(Dataset begins)
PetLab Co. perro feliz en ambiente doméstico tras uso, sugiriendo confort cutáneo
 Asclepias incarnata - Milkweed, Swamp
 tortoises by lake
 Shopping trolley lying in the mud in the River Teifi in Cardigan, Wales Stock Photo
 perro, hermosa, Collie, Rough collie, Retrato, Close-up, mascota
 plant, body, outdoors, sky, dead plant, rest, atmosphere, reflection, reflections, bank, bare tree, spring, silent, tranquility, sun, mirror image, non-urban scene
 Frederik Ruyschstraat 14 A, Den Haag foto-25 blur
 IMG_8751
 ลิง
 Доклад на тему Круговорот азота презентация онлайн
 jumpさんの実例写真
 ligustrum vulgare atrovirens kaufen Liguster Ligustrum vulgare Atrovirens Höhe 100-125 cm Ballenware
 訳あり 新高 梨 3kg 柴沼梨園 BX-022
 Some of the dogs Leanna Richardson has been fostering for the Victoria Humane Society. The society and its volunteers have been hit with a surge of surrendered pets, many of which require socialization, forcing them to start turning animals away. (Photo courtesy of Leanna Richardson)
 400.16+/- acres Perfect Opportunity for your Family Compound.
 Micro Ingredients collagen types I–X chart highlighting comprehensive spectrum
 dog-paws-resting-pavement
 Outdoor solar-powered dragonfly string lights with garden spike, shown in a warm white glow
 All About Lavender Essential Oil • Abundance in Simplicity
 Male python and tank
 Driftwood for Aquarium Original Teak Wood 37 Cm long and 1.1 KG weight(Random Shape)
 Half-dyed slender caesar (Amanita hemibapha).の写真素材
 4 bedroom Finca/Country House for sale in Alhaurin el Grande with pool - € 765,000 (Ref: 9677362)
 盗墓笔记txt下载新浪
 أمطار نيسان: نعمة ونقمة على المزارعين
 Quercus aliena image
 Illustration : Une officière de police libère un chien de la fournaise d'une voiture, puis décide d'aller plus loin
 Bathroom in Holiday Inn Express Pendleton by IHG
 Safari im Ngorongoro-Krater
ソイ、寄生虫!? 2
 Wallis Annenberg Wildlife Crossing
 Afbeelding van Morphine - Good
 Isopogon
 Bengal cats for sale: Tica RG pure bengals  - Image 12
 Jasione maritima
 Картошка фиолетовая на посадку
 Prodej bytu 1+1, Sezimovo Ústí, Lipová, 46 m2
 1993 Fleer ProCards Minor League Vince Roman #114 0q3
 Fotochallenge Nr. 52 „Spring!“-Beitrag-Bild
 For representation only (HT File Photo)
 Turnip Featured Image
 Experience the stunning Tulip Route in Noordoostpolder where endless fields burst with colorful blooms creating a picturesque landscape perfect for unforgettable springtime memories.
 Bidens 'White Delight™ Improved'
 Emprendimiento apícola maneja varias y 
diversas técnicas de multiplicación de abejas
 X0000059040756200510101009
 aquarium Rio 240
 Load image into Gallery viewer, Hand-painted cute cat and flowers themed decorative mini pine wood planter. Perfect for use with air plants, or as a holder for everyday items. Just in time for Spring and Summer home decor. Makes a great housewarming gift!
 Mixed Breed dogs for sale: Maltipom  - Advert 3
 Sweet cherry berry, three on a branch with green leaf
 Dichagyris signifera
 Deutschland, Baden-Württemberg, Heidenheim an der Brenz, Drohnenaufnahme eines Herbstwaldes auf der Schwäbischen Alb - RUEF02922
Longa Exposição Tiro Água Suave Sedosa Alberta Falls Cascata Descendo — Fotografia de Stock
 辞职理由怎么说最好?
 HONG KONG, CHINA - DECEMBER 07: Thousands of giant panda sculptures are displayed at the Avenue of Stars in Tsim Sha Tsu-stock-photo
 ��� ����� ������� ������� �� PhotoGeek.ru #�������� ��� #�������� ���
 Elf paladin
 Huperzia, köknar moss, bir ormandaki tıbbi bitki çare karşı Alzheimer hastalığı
(Dataset ends)
__Work instructions__: Find "For representation only (HT File Photo)" in the entries above and copy that whole line exactly, then each line after it through the line that contains "Dichagyris signifera".

__Solution__:
 For representation only (HT File Photo)
 Turnip Featured Image
 Experience the stunning Tulip Route in Noordoostpolder where endless fields burst with colorful blooms creating a picturesque landscape perfect for unforgettable springtime memories.
 Bidens 'White Delight™ Improved'
 Emprendimiento apícola maneja varias y 
diversas técnicas de multiplicación de abejas
 X0000059040756200510101009
 aquarium Rio 240
 Load image into Gallery viewer, Hand-painted cute cat and flowers themed decorative mini pine wood planter. Perfect for use with air plants, or as a holder for everyday items. Just in time for Spring and Summer home decor. Makes a great housewarming gift!
 Mixed Breed dogs for sale: Maltipom  - Advert 3
 Sweet cherry berry, three on a branch with green leaf
 Dichagyris signifera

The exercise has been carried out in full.